_Dataset extract_
Content starts
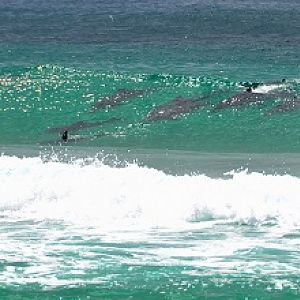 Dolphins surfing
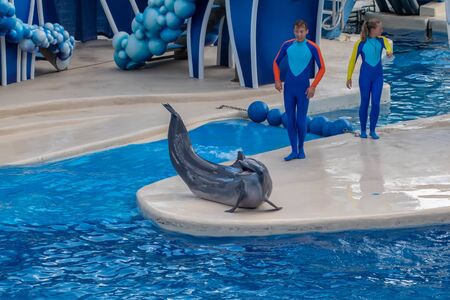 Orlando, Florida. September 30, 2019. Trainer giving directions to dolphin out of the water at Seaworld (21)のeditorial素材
Content ends
Content starts
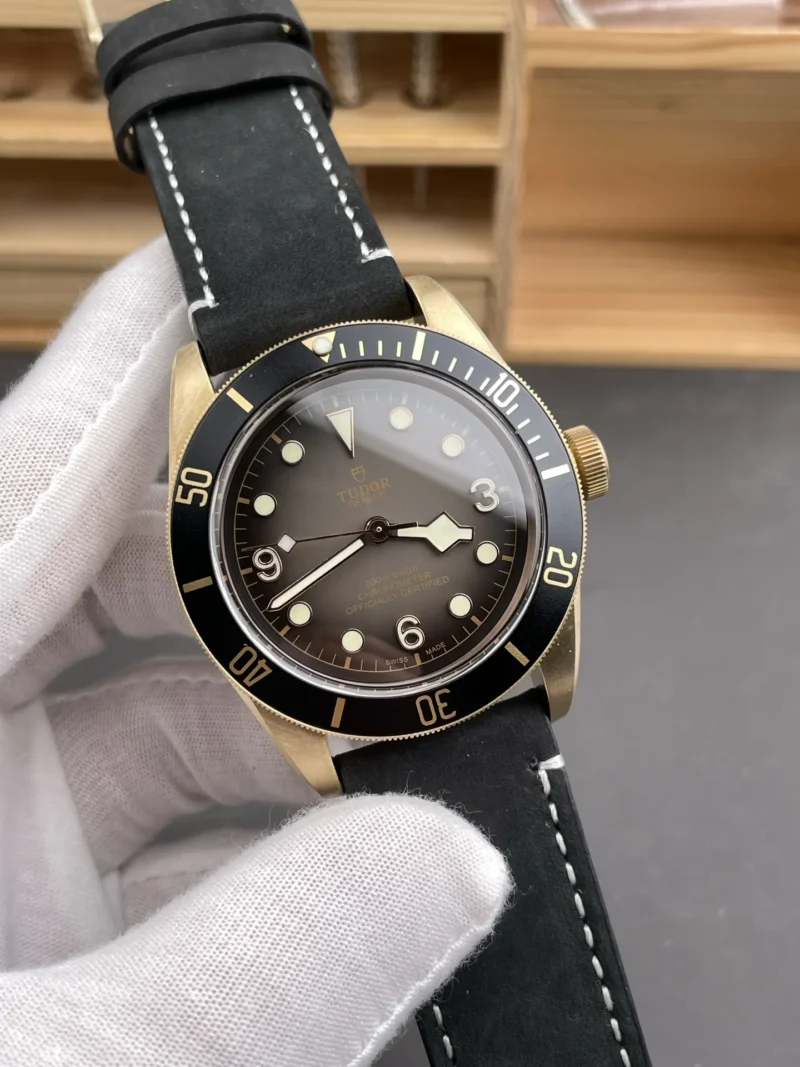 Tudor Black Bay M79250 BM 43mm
Content ends
_The task_
Could you transcribe exactly the entries above, but only the lines from the one with "Dolphins surfing" through the one with "Orlando, Florida. September", and without pictures?

_Answer box_
 Dolphins surfing
 Orlando, Florida. September 30, 2019. Trainer giving directions to dolphin out of the water at Seaworld (21)のeditorial素材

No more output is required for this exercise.